Poco más de un mes después de su gran rebelión, los líderes catalanistas han negado y renegado de la independencia y abjurado de Puigdemont más veces que Pedro de Cristo. Viéndoles, escuchando a sus abogados, asombrándonos de su mansedumbre o cinismo, de cómo en horas veinticuatro han transcurrido de la tragedia a la comedia, del compromiso a la burla, de lo real a lo simbólico, de la soberanía al mero juego, a la esgrima política, nos preguntamos si alguna vez fueron héroes, y si ahora son villanos.

Seres humanos, en cualquier caso, a los que un ministro portavoz, un fiscal y un furgón de la policía nacional han convertido, de rebeldes soberanistas, en dóciles españoles. Pues todos ellos, de un modo u otro, están aceptando, acatando, plegándose a ese artículo 155 que se contemplaba como la espada de Atila y que ha acabado siendo mano de santo, tan balsámico y oportuno que incluso la ex presidenta del Parlament, Carme Forcadell, hasta mediados de octubre furibunda indepe, lo ha elogiado como una medida necesaria para poner orden y concierto en el desconcierto de la Cataluña irredenta.

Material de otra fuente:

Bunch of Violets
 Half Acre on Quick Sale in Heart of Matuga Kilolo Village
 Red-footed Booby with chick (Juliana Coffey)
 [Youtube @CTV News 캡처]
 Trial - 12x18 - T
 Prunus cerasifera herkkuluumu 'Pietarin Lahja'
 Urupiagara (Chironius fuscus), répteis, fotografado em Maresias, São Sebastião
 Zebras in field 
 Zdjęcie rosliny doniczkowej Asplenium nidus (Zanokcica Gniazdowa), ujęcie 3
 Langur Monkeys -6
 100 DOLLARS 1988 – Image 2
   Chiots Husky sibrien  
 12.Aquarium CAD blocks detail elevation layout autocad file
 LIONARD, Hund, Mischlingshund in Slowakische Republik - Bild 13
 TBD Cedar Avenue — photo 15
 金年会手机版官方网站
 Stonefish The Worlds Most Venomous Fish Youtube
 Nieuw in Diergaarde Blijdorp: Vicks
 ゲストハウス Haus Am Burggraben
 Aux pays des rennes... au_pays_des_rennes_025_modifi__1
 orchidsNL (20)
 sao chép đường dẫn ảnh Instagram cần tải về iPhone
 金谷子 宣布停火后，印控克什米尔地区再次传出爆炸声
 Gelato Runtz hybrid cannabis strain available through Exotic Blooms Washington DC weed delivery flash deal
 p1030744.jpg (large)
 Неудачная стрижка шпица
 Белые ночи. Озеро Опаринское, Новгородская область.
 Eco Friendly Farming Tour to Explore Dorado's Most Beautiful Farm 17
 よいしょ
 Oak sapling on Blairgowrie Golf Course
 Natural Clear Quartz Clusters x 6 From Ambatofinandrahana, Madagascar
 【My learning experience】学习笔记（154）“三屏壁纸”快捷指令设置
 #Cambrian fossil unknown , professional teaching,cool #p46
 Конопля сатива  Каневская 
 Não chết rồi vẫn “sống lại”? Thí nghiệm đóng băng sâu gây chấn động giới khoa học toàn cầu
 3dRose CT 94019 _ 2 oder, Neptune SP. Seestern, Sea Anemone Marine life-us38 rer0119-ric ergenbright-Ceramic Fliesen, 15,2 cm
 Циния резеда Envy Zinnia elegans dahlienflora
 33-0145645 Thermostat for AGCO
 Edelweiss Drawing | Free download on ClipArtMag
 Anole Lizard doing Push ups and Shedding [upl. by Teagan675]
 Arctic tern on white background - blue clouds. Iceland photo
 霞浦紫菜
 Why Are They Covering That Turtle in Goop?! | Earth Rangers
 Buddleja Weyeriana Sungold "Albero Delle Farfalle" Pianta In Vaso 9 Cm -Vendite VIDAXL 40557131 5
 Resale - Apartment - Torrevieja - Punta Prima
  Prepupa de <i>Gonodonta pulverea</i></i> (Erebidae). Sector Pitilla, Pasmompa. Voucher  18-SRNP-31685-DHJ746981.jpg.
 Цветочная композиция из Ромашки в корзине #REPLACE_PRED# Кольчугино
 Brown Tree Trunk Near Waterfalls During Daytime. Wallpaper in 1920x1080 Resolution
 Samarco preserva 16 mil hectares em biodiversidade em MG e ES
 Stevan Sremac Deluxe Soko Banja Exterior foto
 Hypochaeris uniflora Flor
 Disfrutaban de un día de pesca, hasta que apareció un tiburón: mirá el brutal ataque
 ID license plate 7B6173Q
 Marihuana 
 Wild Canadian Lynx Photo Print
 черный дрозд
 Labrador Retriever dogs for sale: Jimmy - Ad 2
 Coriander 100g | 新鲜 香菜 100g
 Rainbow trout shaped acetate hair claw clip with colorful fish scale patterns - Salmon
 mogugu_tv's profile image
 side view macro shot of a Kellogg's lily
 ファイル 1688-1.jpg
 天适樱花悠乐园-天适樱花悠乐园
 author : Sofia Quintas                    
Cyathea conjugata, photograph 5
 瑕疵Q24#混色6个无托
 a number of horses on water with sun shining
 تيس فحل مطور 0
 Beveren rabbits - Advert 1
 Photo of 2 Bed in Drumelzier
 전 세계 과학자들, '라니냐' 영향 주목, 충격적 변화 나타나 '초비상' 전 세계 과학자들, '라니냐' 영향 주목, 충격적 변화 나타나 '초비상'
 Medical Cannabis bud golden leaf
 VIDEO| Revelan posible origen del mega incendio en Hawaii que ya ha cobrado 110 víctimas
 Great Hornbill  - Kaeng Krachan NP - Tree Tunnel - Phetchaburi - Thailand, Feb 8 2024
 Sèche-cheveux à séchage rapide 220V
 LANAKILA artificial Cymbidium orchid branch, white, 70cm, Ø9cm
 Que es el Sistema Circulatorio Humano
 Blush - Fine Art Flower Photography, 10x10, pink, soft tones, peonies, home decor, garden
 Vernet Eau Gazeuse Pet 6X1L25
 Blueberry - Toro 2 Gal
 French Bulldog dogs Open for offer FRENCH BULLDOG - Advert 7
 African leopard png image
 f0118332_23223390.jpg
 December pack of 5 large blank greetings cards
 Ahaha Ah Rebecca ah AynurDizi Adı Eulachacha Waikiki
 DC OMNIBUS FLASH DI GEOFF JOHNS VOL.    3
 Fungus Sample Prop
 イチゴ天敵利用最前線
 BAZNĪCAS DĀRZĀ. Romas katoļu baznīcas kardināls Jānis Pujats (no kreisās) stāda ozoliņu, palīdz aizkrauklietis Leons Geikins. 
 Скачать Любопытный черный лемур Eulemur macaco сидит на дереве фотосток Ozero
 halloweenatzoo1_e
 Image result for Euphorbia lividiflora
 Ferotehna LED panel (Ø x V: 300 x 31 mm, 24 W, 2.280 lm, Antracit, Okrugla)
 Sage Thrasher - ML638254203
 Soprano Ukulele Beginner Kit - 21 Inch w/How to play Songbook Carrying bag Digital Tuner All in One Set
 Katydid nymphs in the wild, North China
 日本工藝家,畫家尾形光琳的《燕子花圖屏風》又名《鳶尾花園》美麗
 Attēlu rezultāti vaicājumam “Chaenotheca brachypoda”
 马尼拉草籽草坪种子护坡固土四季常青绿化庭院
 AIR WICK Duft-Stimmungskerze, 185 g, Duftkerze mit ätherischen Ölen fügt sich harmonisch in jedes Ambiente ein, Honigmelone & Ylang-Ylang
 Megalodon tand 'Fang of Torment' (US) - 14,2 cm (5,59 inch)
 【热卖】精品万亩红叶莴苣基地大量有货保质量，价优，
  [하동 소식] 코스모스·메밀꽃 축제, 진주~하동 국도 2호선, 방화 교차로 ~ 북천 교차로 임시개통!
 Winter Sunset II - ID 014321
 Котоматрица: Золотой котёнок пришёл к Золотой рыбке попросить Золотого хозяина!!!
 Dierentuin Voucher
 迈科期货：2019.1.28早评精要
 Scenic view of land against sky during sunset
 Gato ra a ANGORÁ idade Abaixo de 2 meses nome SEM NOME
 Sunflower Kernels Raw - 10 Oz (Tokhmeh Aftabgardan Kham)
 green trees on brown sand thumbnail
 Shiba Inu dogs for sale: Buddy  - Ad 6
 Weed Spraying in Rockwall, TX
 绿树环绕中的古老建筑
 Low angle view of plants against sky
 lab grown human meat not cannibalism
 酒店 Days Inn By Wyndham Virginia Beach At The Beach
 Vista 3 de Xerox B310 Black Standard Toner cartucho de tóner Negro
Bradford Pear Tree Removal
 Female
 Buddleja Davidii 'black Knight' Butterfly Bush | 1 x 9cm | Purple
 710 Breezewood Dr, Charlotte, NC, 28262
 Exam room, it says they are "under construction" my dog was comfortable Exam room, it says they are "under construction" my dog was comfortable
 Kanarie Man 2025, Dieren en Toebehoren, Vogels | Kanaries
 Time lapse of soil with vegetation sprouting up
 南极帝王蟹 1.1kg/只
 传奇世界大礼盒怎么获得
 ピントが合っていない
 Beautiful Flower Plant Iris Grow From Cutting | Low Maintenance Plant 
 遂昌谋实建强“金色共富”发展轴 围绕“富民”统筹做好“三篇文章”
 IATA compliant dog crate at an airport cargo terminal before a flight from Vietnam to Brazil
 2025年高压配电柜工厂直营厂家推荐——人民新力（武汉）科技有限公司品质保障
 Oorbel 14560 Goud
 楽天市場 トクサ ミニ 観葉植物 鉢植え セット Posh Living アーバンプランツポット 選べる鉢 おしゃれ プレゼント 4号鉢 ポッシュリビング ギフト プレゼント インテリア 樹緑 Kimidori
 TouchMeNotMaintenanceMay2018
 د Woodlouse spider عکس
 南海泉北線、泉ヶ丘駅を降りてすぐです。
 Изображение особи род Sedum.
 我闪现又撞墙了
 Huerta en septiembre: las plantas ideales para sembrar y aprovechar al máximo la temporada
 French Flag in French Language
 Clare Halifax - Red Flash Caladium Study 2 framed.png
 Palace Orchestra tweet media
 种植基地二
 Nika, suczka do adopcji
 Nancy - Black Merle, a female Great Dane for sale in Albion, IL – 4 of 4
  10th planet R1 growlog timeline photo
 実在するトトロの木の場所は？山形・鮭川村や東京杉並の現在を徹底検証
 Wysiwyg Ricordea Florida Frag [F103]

Mi opinión apunta a contemplar a todos estos políticos de PDECat y Esquerra como fenicios propietarios de un producto político, la independencia de Cataluña, que unas veces vale más, otras menos, en el mercadillo político, pero que siempre reporta lo suficiente para que las principales familias de la sociedad pancatalanista ingresen bien, mejoren su calidad de vida, reciban pensiones millonarias (como la ya percibida por Pujol y a la que ayer renunció Puigdemont), vayan a Madrid en coche oficial y renueven sus votos en capitales y comarcas de Cataluña.

Un negocio, en definitiva, que hay que vigilar y adaptar a los tiempos. Y un producto, a veces de temporada, a menudo menos perecedero, que compran muy bien los jóvenes, previo faccioso adoctrinamiento, los militantes a los que se va colocando y, sobre todo, los propios líderes indepes, cuyos patrimonios van engordando al extremo de que no tienen dificultad para pagar sus fianzas.

Los arrepentidos Turull, Rull, Romeva y los brusellers encarnan una nueva variante del pícaro español, capaz de engañar al ciego Estado o vender a la madre independencia por un puñado de días en libertad. Su rehabilitación, como la de cualquier buscón, requerirá otra novela.